What you return should be the full listing, copied exactly and stripped of its pictures.

** RAW DATA **
....

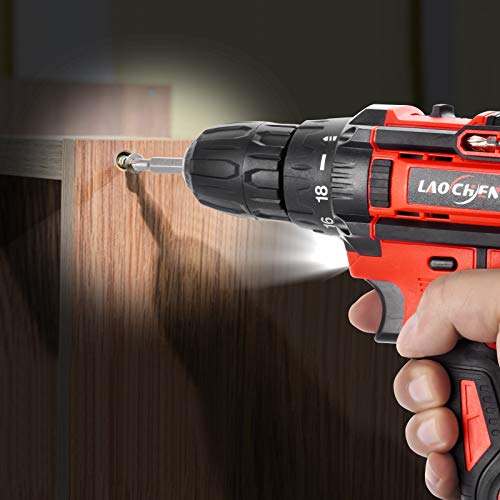 runhua Akkuschrauber 21V, Akku-Bohrschrauber mit 2 1500mAh Akkus, 2 Variable Drehzahlen Schlagbohrmaschinen, 28… – Bild 7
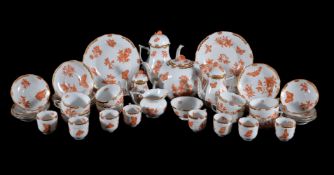 A modern Herend 'Fortuna' (rust) pattern part tea and coffee service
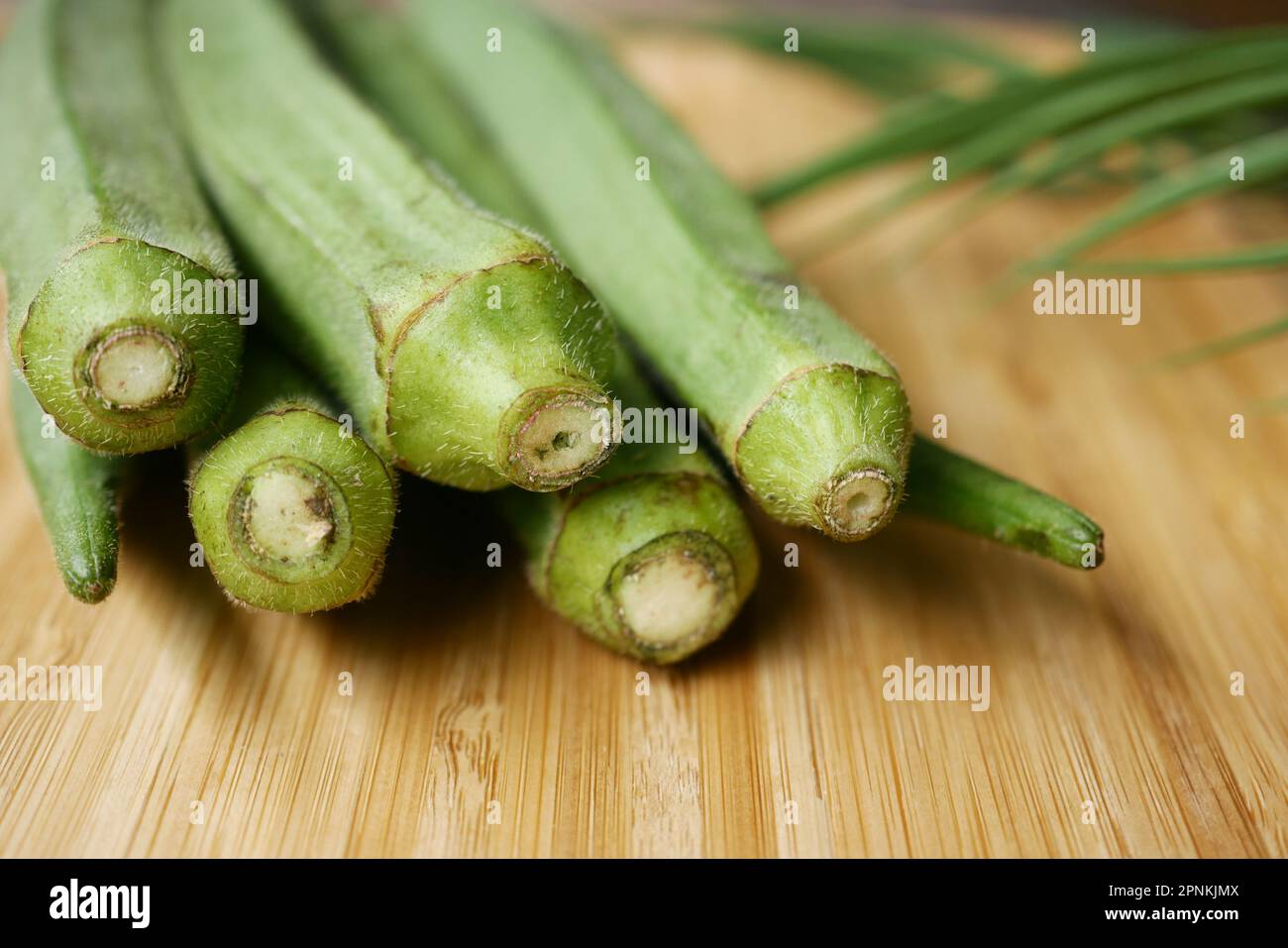 ladies fingers or bhindi a green vegetables,, Stock Photo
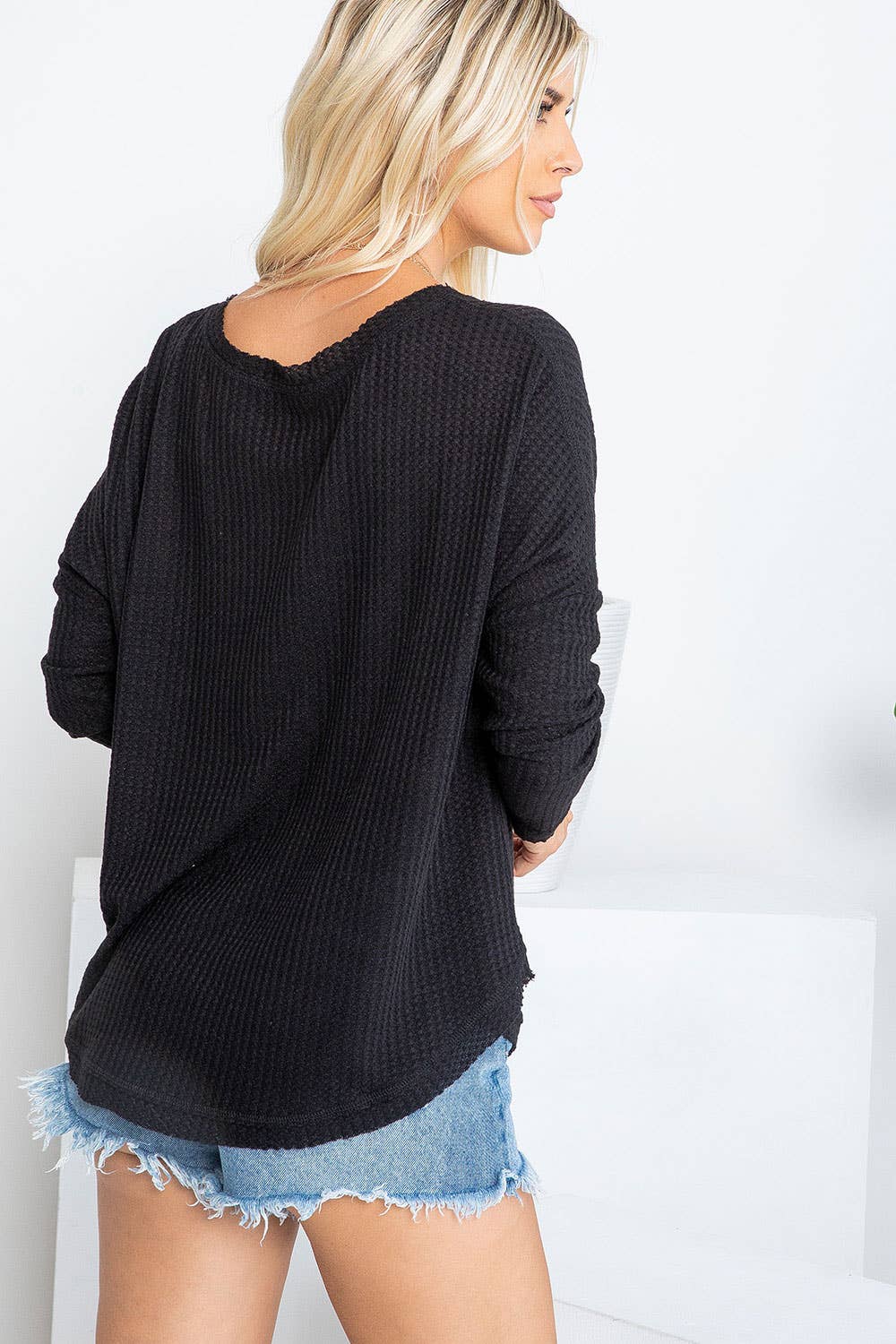 Sweet Lovely by Jen - Vente Haut en maille – femme - SW277 COL V MANCHES LONGUES DOLMAN1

....

** SOLVED EXERCISE **
 runhua Akkuschrauber 21V, Akku-Bohrschrauber mit 2 1500mAh Akkus, 2 Variable Drehzahlen Schlagbohrmaschinen, 28… – Bild 7
 A modern Herend 'Fortuna' (rust) pattern part tea and coffee service
 ladies fingers or bhindi a green vegetables,, Stock Photo
 Sweet Lovely by Jen - Vente Haut en maille – femme - SW277 COL V MANCHES LONGUES DOLMAN1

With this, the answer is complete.